Wie wir die Welt und Realität wahrnehmen, hängt entscheidend von der Sozialisation ab. Im journalistischen Feld haben wir es mit einem sehr homogenen Habitus zu tun, also dem, was den Denk-, Handlungs-, aber auch Wahrnehmungsformen eines jeden Menschen zugrunde liegt. Ein Blick in eine Studie von Siegfried Weichenberg verdeutlicht, dass Journalisten hauptsächlich aus einem Gesellschaftssegment, dem der Mittelschicht, kommen. Deren Eltern waren zu zwei drittel Angestellte oder Beamte. Unter zehn Prozent der Journalisten kommen aus einer Arbeiterfamilie. (Vgl. Klöckner 2019: 31) Wenn nun die soziale Zusammensetzung so homogen ist, kann auch davon ausgegangen werden, dass der Habitus der im journalistischen Feld agierenden Akteure sehr ähnlich ist. So wird der Konformismus im journalistischen Feld verständlich, der sich an Autoritäten anpasst und die Herrschaftsverhältnisse akzeptiert, statt kritisch hinterfragt. (Vgl. Klöckner 2019: 33) Das schwierige an dieser Art Zensur, um die Worte von Klöckner zu verwenden, ist, dass es beim täglichen hören, lesen und sehen der Nachrichten zwar auffällt, jedoch der greifbare Zensor fehlt, den, den wir dafür verantwortlich machen können. Trotz Kritik an der zu weiten Auslegung des Zensurbegriffs, hält Klöckner an dem Begriff fest und begründet dies in seinem Buch auch sehr schlüssig und umfassend. Man könnte es auch indirekte Zensur oder Selbstzensur nennen, die im Übrigen aber letztlich viel wirksamer ist, als ein direkter Eingriff von „Oben“.

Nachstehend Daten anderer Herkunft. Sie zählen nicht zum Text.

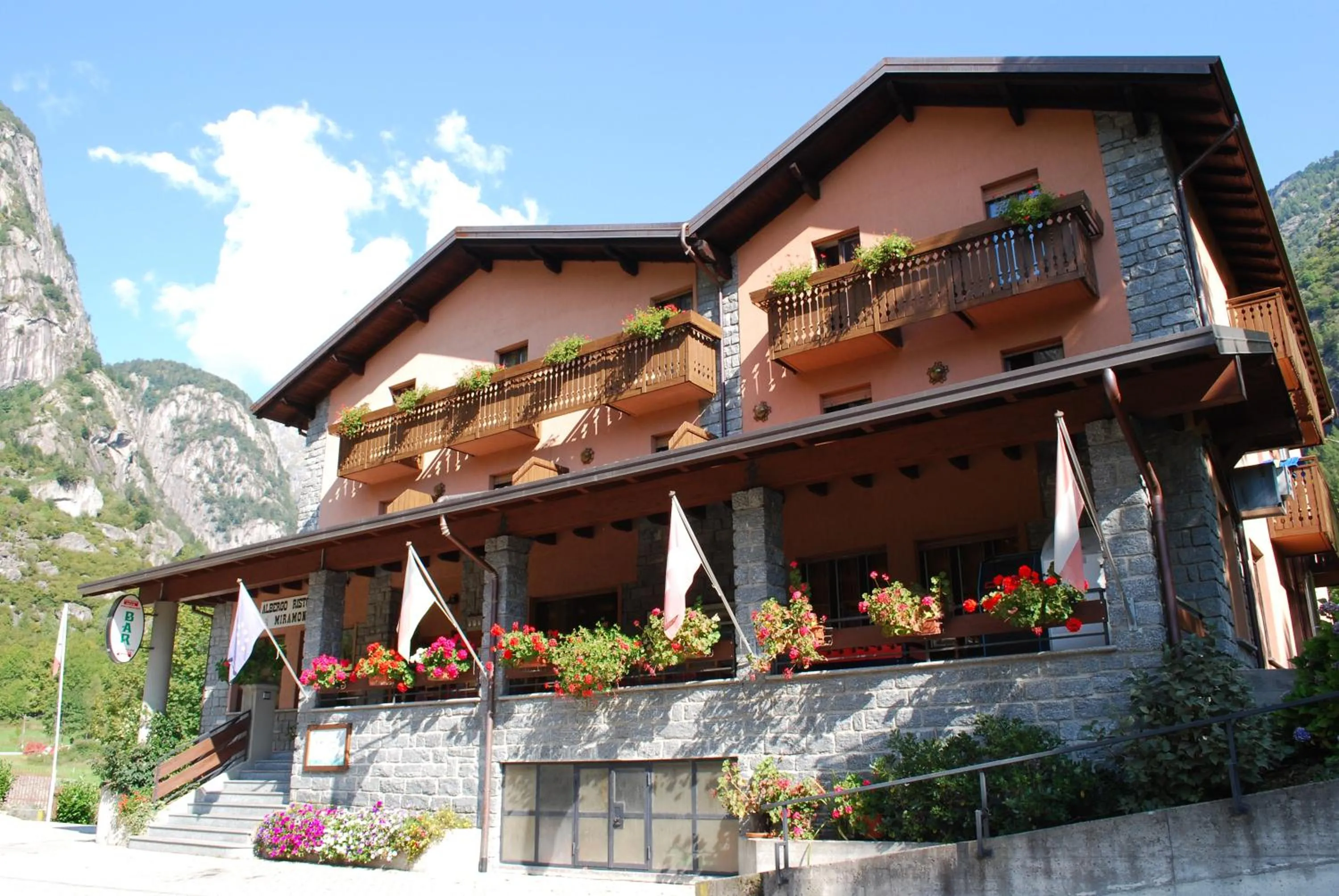 Street view in Hotel Ristorante Miramonti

Fragwürdige Rekrutierungspraxis an Journalistenschulen
Wer an eine Journalistenschule will, hat demnach große Chancen, wenn er aus dem Bildungsbürgertum kommt und eine gute Allgemeinbildung aus der Schule mitbringt. Wichtig ist, dass der Bewerber die weltanschauliche Grundeinstellung und die Wahrnehmungs- und Denkkategorien mit dem journalistischen Feld teilt. (Vgl. Klöckner 2019: 50) Natürlich gibt es auch Ausnahmen. Doch spätestens wenn der ökonomische Druck hinzukommt seinen Job zu verlieren, weil man zu viel hinterfragt hat, ist der Anpassung schwer zu widerstehen. Wenn es also ein Akteur aus der Unterschicht in die großen Medienhäuser schafft, bedeutet das in der Regel nicht, dass dieser die Konflikte austrägt, die ihn vermutlich ereilen, wenn er über eine Hartz IV Familie statt über einen Anzeigenkunden schreiben will. Der Anpassungsdruck ist groß, sehr groß. Das Beispiel der Journalistenschulen verdeutlicht, dass sich durch die Rekrutierungspraxis jene Journalisten herangezogen werden, die später in den großen Medienhäusern des Landes arbeiten werden. Sie kommen aus demselben „Stall“ und haben gelernt, sich anzupassen. Deshalb muss eine Kritik an der Berichterstattung auch die strukturellen Ebenen beleuchten.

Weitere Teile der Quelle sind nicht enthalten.